If the import of data_prep fails, see the README on how to download and copy the kaggle.json

In [3]:
from azureml.core.workspace import Workspace
from azureml.core import Experiment, Model, Webservice
from azureml.widgets import RunDetails
from azureml.train.automl import AutoMLConfig
from azureml.core.compute import ComputeTarget, AmlCompute
from azureml.core.compute_target import ComputeTargetException

import data_prep

## Dataset

### Overview
The Portable Executable (PE) format is a file format for executables, object code, DLLs and others used in 32-bit and 64-bit versions of Windows operating systems. The header of PE files contains a number for things like the size of the file, imported libraries, and more. This dataset from [Kaggle](https://www.kaggle.com/divg07/malware-analysis-dataset) contains data extracted from PE headers from both known malware samples and benign software samples.

### Task
The task for this project is to train models to classify whether an executable is malware or benign using features extracted from their PE Header. The 'legitimate' column in the dataset is 1 when the executible file is from a legitimate source (aka benign software or goodware), and 0 when it is malware.  


In [4]:
ws = Workspace.from_config()
experiment_name = 'automl_experiment'

experiment=Experiment(ws, experiment_name)

dataset = data_prep.get_dataset(ws)

Performing interactive authentication.
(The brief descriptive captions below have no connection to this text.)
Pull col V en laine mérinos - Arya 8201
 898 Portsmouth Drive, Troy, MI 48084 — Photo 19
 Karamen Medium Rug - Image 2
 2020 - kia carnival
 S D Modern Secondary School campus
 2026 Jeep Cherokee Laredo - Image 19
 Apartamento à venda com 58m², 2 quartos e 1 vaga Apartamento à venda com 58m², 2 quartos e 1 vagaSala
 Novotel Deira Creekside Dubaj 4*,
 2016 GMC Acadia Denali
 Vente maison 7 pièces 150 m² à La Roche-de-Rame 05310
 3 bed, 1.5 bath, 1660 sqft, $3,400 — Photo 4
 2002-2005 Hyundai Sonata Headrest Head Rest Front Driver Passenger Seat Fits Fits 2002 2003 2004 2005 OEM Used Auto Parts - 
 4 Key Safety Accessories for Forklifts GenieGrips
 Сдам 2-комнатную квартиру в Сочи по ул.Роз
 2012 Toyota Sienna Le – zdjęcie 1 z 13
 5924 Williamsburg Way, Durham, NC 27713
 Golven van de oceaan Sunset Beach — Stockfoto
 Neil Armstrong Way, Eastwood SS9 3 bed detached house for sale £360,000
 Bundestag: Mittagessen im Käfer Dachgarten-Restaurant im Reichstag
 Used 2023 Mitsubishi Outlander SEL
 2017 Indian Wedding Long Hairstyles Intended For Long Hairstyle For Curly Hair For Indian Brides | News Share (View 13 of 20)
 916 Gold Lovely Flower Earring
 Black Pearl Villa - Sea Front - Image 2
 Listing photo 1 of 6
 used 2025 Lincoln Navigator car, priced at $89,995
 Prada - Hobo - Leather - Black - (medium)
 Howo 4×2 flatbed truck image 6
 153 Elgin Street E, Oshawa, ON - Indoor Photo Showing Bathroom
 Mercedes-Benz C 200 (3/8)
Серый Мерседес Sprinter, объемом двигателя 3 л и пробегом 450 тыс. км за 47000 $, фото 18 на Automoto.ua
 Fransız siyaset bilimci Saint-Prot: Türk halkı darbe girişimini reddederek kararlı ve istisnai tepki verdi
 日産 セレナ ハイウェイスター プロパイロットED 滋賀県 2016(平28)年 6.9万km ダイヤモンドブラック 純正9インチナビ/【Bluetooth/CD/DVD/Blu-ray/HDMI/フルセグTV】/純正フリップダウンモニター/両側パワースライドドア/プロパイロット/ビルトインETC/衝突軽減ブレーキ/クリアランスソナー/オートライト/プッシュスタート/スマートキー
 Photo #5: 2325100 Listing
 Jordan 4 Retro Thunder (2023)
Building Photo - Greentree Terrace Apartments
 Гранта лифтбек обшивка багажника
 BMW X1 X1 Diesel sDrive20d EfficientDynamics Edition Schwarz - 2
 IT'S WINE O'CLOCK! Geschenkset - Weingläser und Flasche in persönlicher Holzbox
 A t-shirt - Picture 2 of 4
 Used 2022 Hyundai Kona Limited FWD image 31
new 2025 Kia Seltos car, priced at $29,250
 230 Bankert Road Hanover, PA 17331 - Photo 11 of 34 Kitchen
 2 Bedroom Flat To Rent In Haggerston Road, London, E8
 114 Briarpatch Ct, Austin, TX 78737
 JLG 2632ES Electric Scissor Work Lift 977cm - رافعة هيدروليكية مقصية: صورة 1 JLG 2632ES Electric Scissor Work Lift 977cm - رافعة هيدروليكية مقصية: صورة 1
Please follow the instructions on the terminal.
To sign in, use a web browser to open the page https://microsoft.com/devicelogin and enter the code RNBVNFGUW to authenticate.
You have logged in. Now let us find all the subscriptions to which you have access...
Interactive authentication successfully completed.
Validating arguments.
Arguments validated.
Successfully obtained datastore reference and path.
Uploading file to managed-dataset/b601c0b5-a16e-4b95-996f-5150c0a8d98f/
Successfully uploaded file to datastore.
Creating and registering a new dataset.
Successfully created and registered a new dataset.




## Find or Create Compute Cluster

In [5]:
cpu_cluster_name = "cpu-cluster"

# Check if the cluster exists. If there is an error, create the cluster
try:
    cpu_cluster = ComputeTarget(workspace=ws, name=cpu_cluster_name)
    print('Found existing cluster, use it.')
except ComputeTargetException:
    compute_config = AmlCompute.provisioning_configuration(vm_size='STANDARD_DS11_V2',
                                                            max_nodes=10)
    cpu_cluster = ComputeTarget.create(ws, cpu_cluster_name, compute_config)
    

cpu_cluster.wait_for_completion(show_output=True)

Creating
Succeeded
AmlCompute wait for completion finished

Minimum number of nodes requested have been provisioned


## AutoML Configuration

Below, we set the AutoML settings and configuration. Since I am using the Azure lab provided by Udacity, I only have a limited amount of time to wait for a run and limited resources, so we set the max_concurrent_iterations to 5 and the timeout to 30 minutes. On a different instance with more resources these could be increased

We also define a 'classification' task, auto featurization from AutoML, our primary metric as 'accuracy', and specify the dataset and the 'legitimate' column from the dataset as the label column.

In [7]:
automl_settings =  {
    "experiment_timeout_minutes": 30,
    "max_concurrent_iterations": 5,
    "primary_metric" : 'accuracy',
    "n_cross_validations": 3,
    "enable_early_stopping": True,
    "featurization": 'auto'
}

automl_config = AutoMLConfig(
                    task="classification",
                    training_data=dataset,
                    label_column_name="legitimate",
                    compute_target=cpu_cluster,
                    **automl_settings)

In [8]:
automl_run = experiment.submit(automl_config)

Running on remote.


## Run Details

In the cell below, the `RunDetails` widget shows the different experiments.

In [9]:
RunDetails(automl_run).show()

_AutoMLWidget(widget_settings={'childWidgetDisplay': 'popup', 'send_telemetry': False, 'log_level': 'INFO', 's…

## Best Model

In the cell below, we get the best model from the automl experiments and display the properties of the model.



In [10]:
best_automl_run, best_automl_model = automl_run.get_output()
best_run_metrics = best_automl_run.get_metrics()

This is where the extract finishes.